Ja oder Nein

Friedjung Jüttner

Welches dieser beiden Wörter haben Sie lieber? Ich vermute, auch für Sie klingt das Ja irgendwie sympathischer als das Nein.

Vielleicht hat das Nein deshalb etwas Negatives an sich, weil es uns an die eigene Trotzphase oder die unserer Kinder erinnert, in der das Nein eine grosse Rolle spielte und mit viel Ärger verbunden war. Auch wenn wir heute wissen, dass diese Trotzphase in der Entwicklung des Kindes eine unverzichtbare Bedeutung hat, irgendwie bleibt an dem Nein etwas Unangenehmes hängen. Hinzu kommt auch noch, dass uns Leute auf den Wecker gehen, die ständig Nein sagen. Menschen, die Ja sagen und möglichst rasch auf unsere Wünsche eingehen, sind uns viel lieber. So ist es gut nachvollziehbar, dass die beiden Wörter Ja und Nein ganz verschiedene Gefühle bei uns auslösen.

Trotzdem möchte ich jetzt dem Nein eine Bresche schlagen, weil es doch bedeutsamer ist, als man so gemeinhin annimmt. Mir wurde das zum ersten Mal bei einem meiner Lehrer klar, der behauptete: «Nicht das Ja-, sondern das Neinsagenkönnen mache einen Menschen weise.» Er begründete das auch ganz allgemein: «Weisheit und menschliche Reife bestehe darin, im richtigen Moment zur richtigen Sache im richtigen Masse, Nein sagen zu können.» Eine bedenkenswerte Aussage.

Zu meiner freudigen Überraschung bin ich kürzlich auf ein Zitat gestossen, dass nicht nur in dieselbe Richtung weist, sondern sie noch ergänzt. Es stammt von Nicolas Chamfort, einem Philosophen der Aufklärungszeit (gest. 1794), der sagte: «Die Fähigkeit, Nein zu sagen, ist der erste Schritt zur Freiheit.» Dieses Zitat gefällt mir noch mehr als dasjenige meines damaligen Lehrers. Denn, unter Freiheit kann ich mir mehr vorstellen als unter Weisheit. Oder anders gesagt: Freiheit ist mir erlebnismässig näher als Weisheit.

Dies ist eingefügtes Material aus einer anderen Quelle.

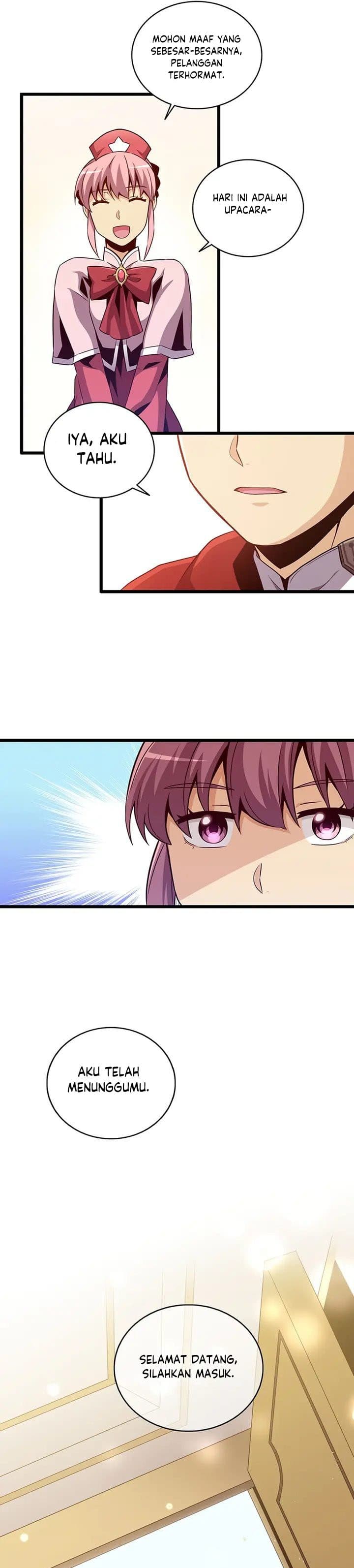 Arcane Sniper - Chapter 64 - Page 11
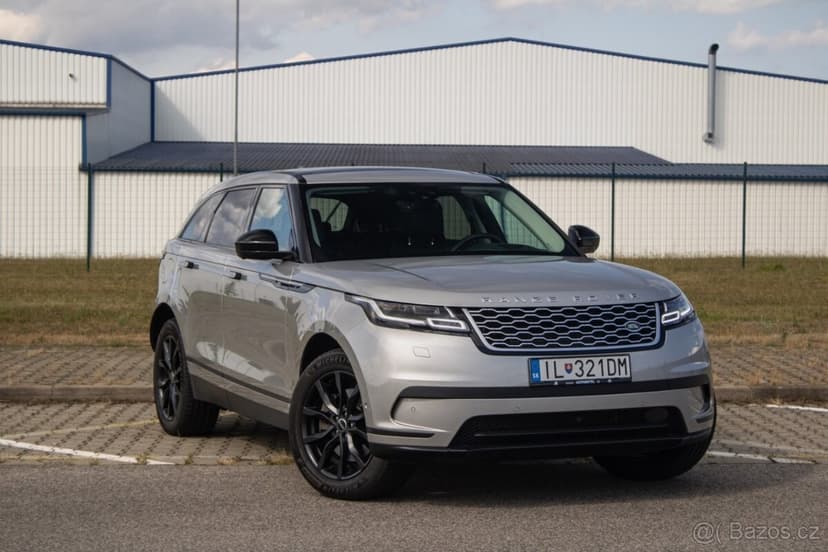 Land Rover Range Rover Velar 3.0D V6 HSE AWD - odpočet DPH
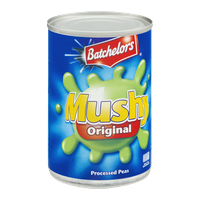 Batchelors Mushy Original Processed Peas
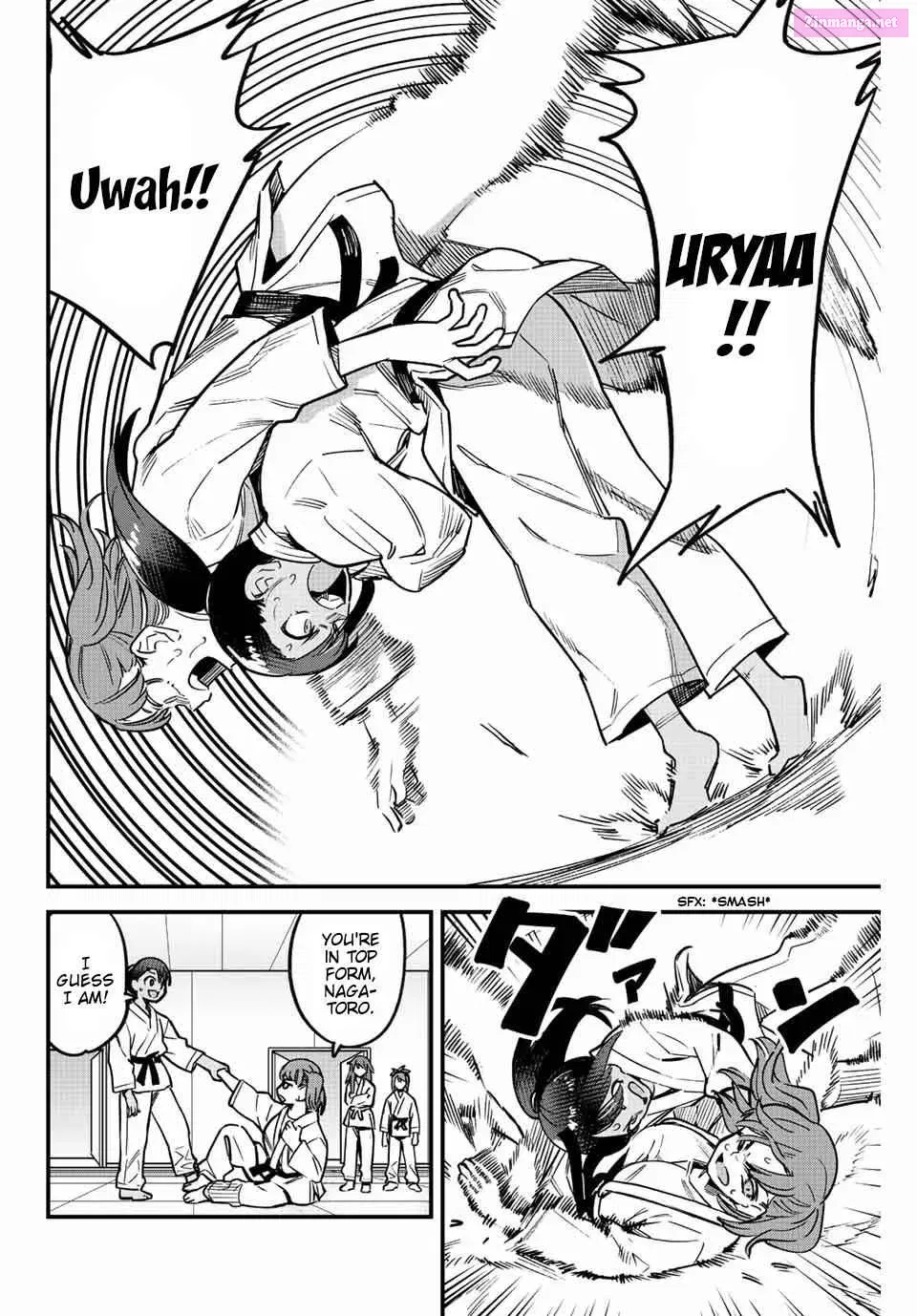 Don't Toy With Me, Miss Nagatoro!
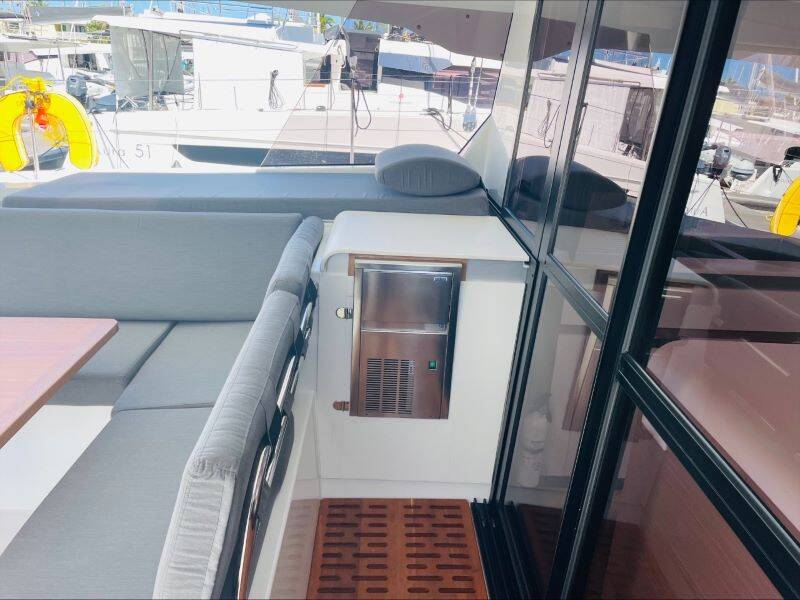 Fountaine Pajot Aura 51 Carrie Lee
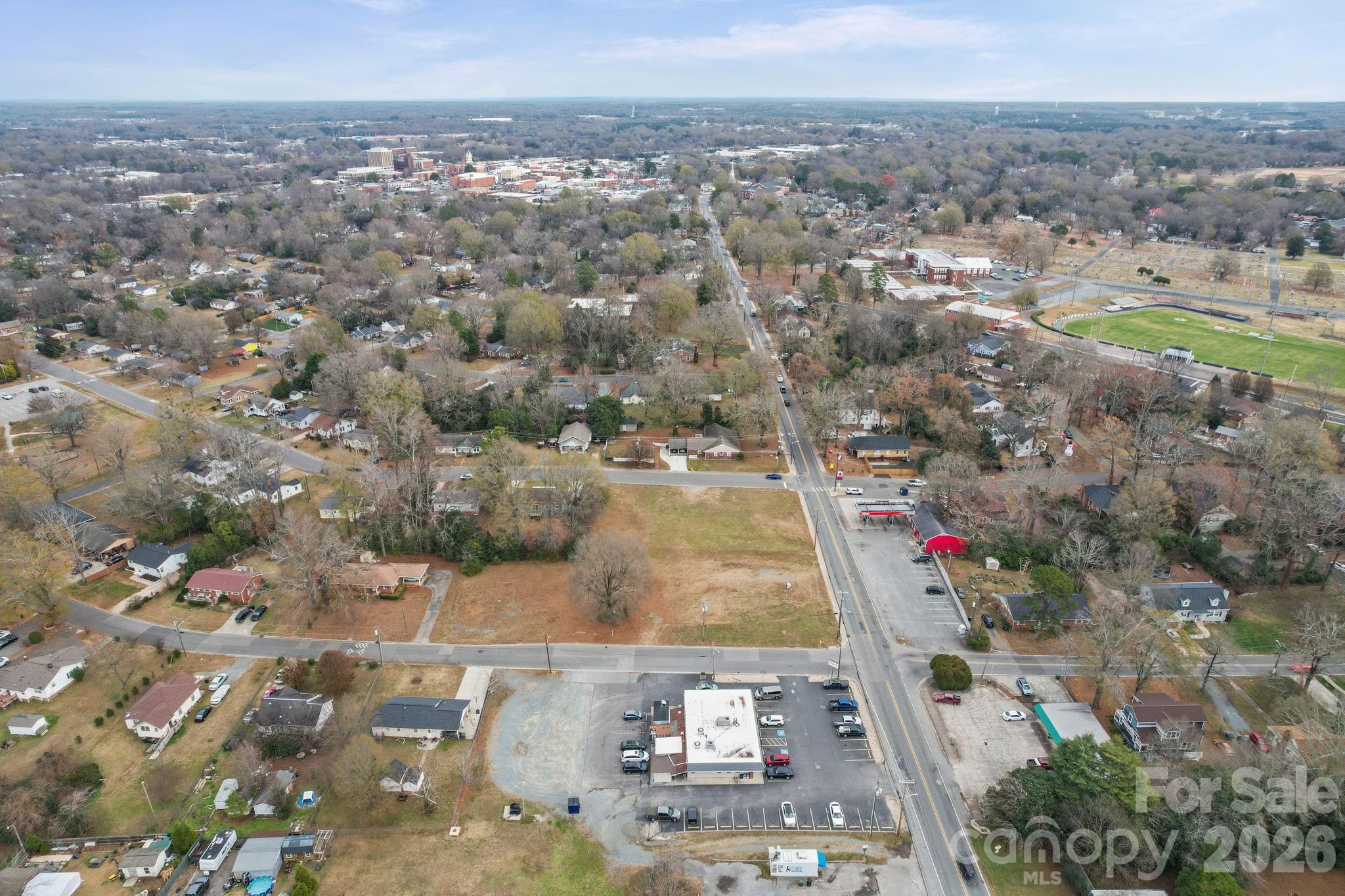816 S Johnson Street Monroe NC 28112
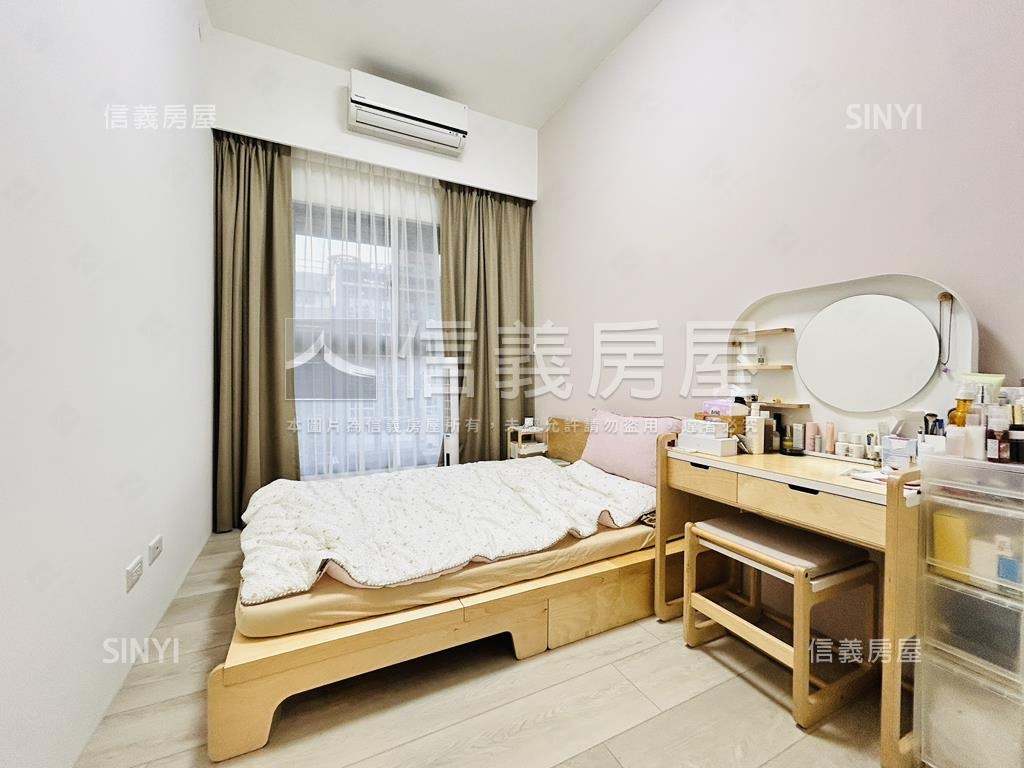 傳薪綺麗‧向陽大廈房屋室內格局與周邊環境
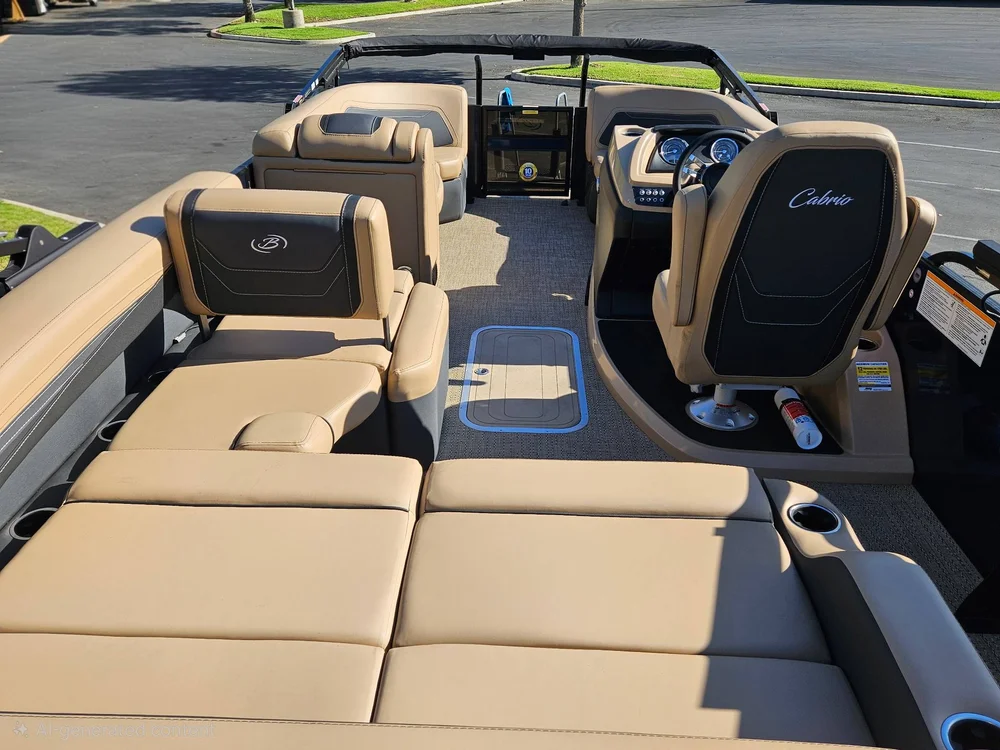 2026 Barletta Cabrio 22U
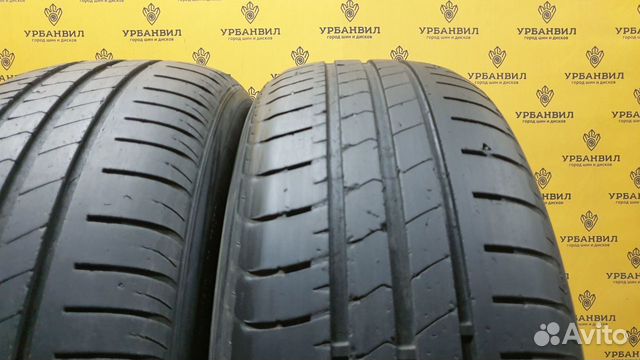 Bridgestone Ice Cruiser 7000 185/65 R15, 2 шт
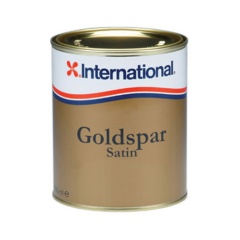 Bootslack International Goldspar Satin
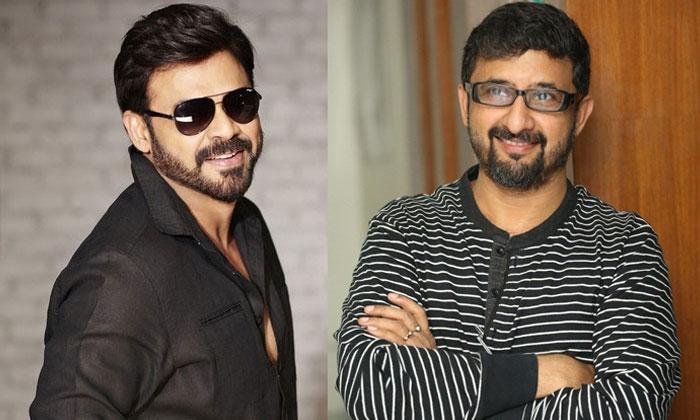 Venkatesh Next Film on a Special Day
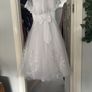 girls communion dress Image 3
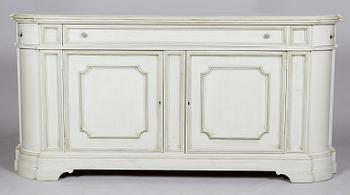 MATSALSSKÄNK, 1900-talets senare del.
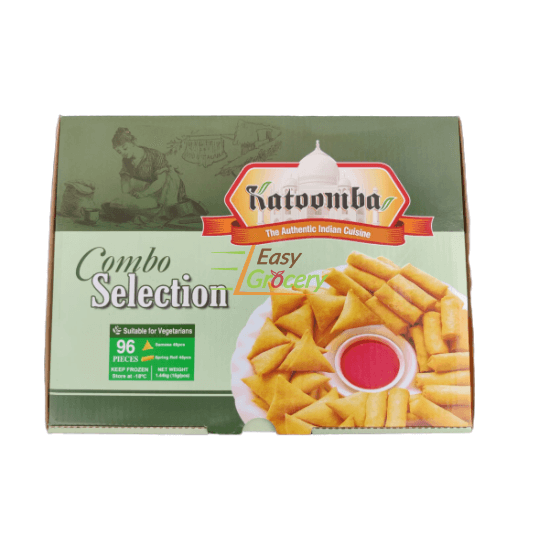 KATOOMBA COMBO SELECTION 96 PC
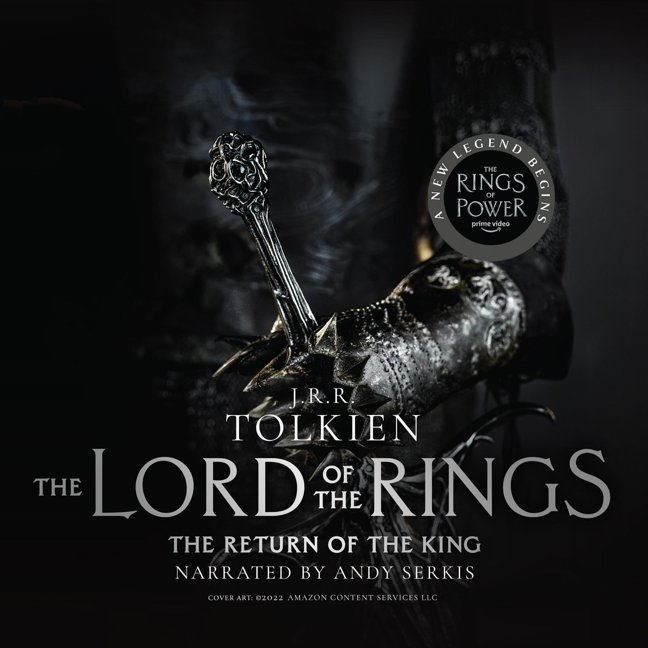 The Return of the King (The Lord of the Rings, #3) book cover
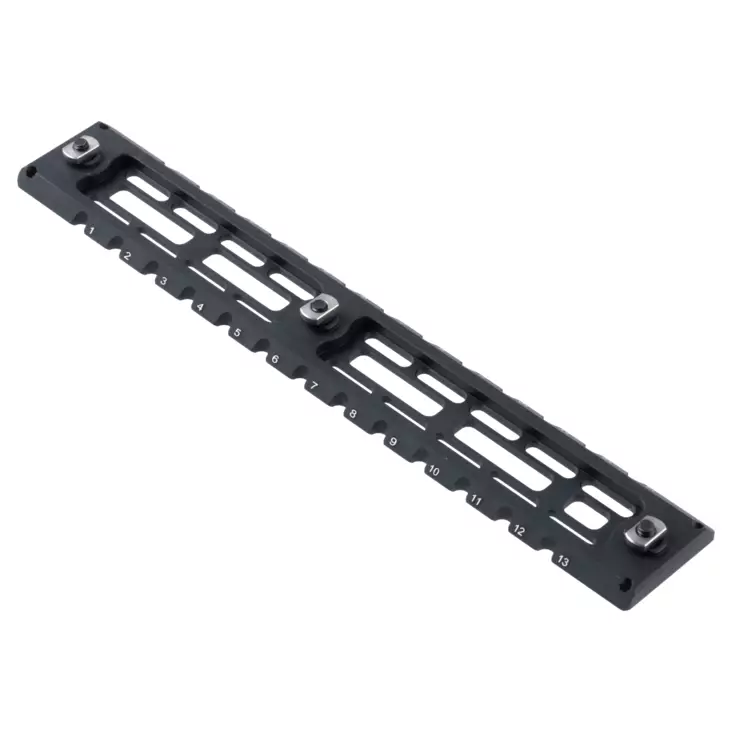 UTG Arca-Swiss skena 240 mm - Tillbehör för timmer - 4717385557505 - 1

Vielleicht ist es nicht erstaunlich, dass wir schon als Kinder mit drei oder vier Jahren die Fähigkeit einüben konnten oder mussten, später einmal Entscheidungen für unsere Freiheit treffen zu können. Und das mit einem einfachen Nein.

«Irgendwie bleibt an dem Nein etwas Unangenehmes hängen.»